Brother, Can you Spare a Dime?

It is estimated that 2.3-3.5 million Americans experience homelessness each year. (Baggett, 2010)

Chronic Homelessness is defined as living in a place that’s not meant for human habituation for at least one year. (guest speaker, Robertson)

In a study, the prevalence and predictors of past-year unmet needs for five types of health care services were analyzed in a national sample of homeless adults. In 2003, 966 adults were studied, representing more than 436,000 individuals nationally. 73% of the respondents reports at least one unmet health issue, including lack of access to medical or surgical care, prescription medicines, mental health care, eyeglasses, and dental care. (Baggett, 2010)

The stigma of being homeless is as pervasive as it has been for years:

“They (the homeless) either aren’t willing to assume the responsibilities that go with being a citizen or the are mentally ill or abusing drugs or alcohol.” -Rush Limbaugh (1992)

Homelessness generally doesn’t strike overnight. There are many contributing factors such as mental illness, socio-economic status a person was born into, interpersonal violence, drug addiction, and severe physical health and the accompanying hospital bills. (John Vassello, in class)

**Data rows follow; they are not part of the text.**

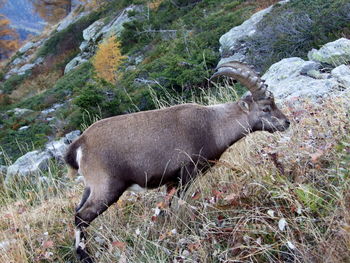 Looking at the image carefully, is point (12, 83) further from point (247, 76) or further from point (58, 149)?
point (247, 76)

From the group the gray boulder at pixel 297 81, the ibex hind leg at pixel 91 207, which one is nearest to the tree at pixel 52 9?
the gray boulder at pixel 297 81

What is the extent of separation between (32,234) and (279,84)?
19.5ft

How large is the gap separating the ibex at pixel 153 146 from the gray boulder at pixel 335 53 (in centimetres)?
414

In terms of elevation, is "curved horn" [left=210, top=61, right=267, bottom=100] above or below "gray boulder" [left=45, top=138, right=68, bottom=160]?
above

Baggett, T., O’Connell, J., Singer, D., & Rigotti, N. (2010). The Unmet Health Care Needs of Homeless Adults: A National Study.  American Journal of Public Health, 1326.

guest speaker: Kelly Robertson LMSW Deputy Director

Boes, M., & van Wormer, K. (1997). Social Work with Homeless Women in Emergency Rooms: A Strengths-Feminist Perspective. Affilia, 12(4), 409.